>>>>>
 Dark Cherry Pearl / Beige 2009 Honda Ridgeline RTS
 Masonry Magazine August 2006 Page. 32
<<<<<
>>>>>
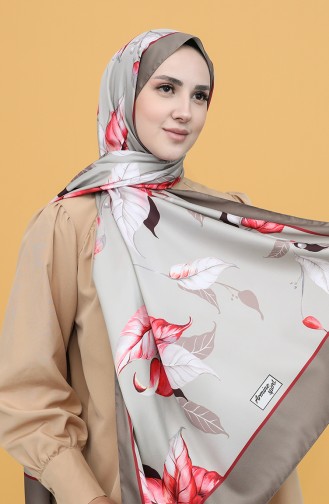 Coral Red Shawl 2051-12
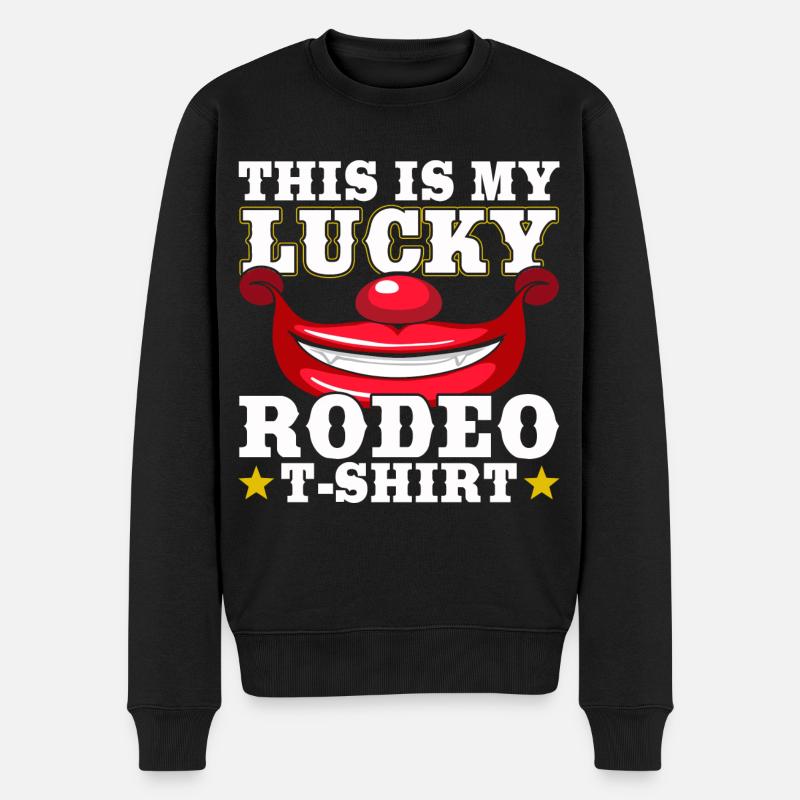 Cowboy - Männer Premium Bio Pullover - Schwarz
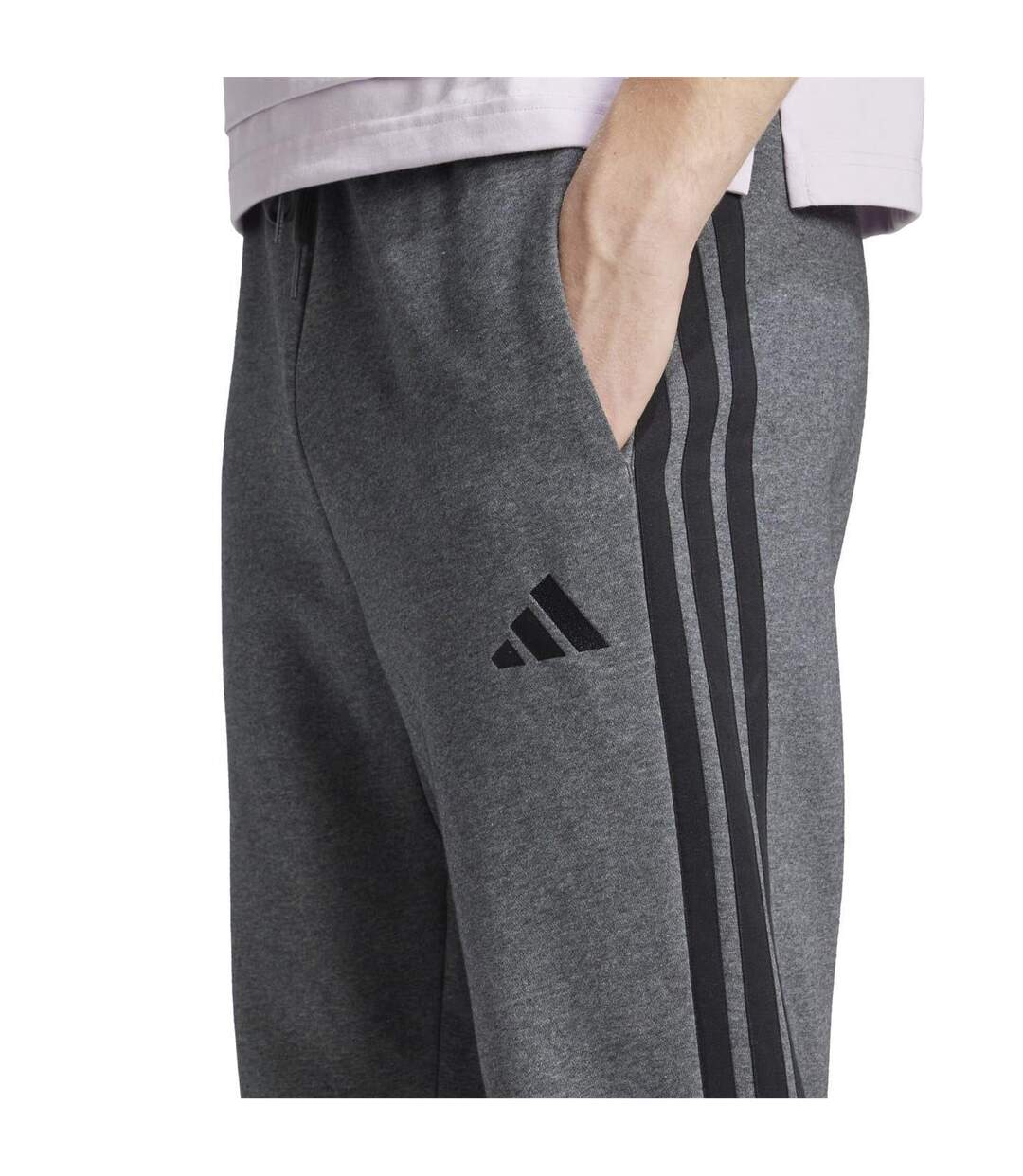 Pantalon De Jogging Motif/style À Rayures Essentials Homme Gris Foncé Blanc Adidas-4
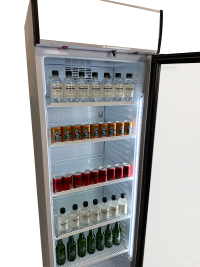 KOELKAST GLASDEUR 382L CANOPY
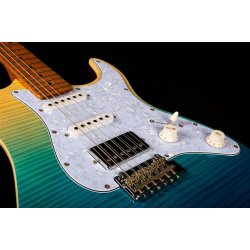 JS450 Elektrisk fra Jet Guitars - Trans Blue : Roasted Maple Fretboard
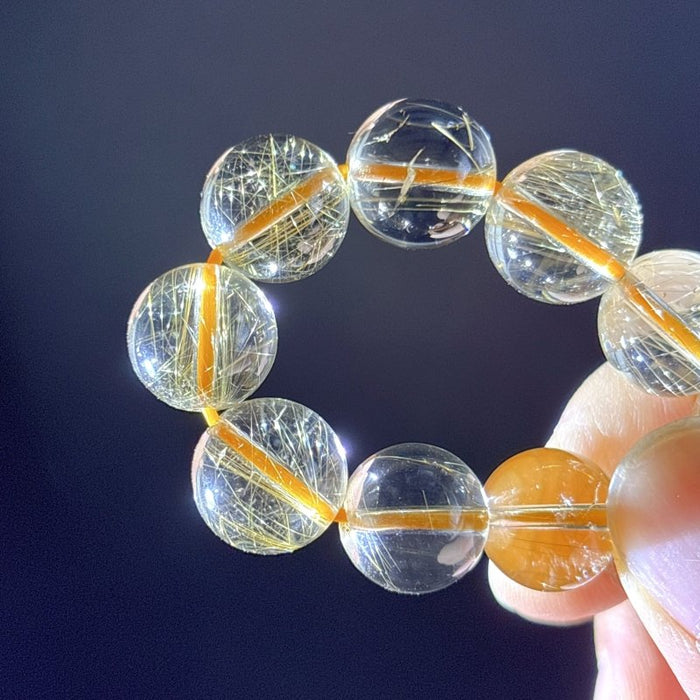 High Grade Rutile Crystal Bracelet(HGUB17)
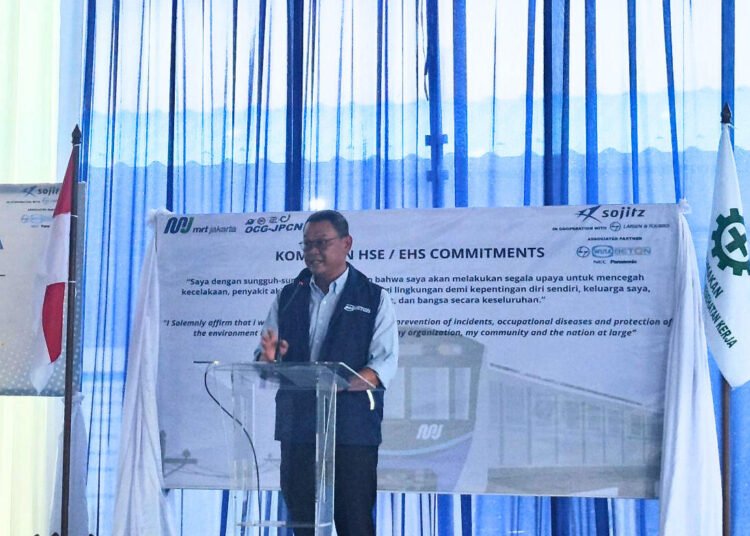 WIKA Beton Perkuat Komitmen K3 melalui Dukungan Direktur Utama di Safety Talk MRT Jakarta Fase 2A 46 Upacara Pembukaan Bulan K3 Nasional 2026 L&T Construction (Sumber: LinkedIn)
<<<<<
What you will do —
In the material above, which lines fall between the one holding "JS450 Elektrisk fra" and the one holding "WIKA Beton Perkuat", inclusive? Print exactly those, with the pictures left out.

The completed task —
 JS450 Elektrisk fra Jet Guitars - Trans Blue : Roasted Maple Fretboard
 High Grade Rutile Crystal Bracelet(HGUB17)
 WIKA Beton Perkuat Komitmen K3 melalui Dukungan Direktur Utama di Safety Talk MRT Jakarta Fase 2A 46 Upacara Pembukaan Bulan K3 Nasional 2026 L&T Construction (Sumber: LinkedIn)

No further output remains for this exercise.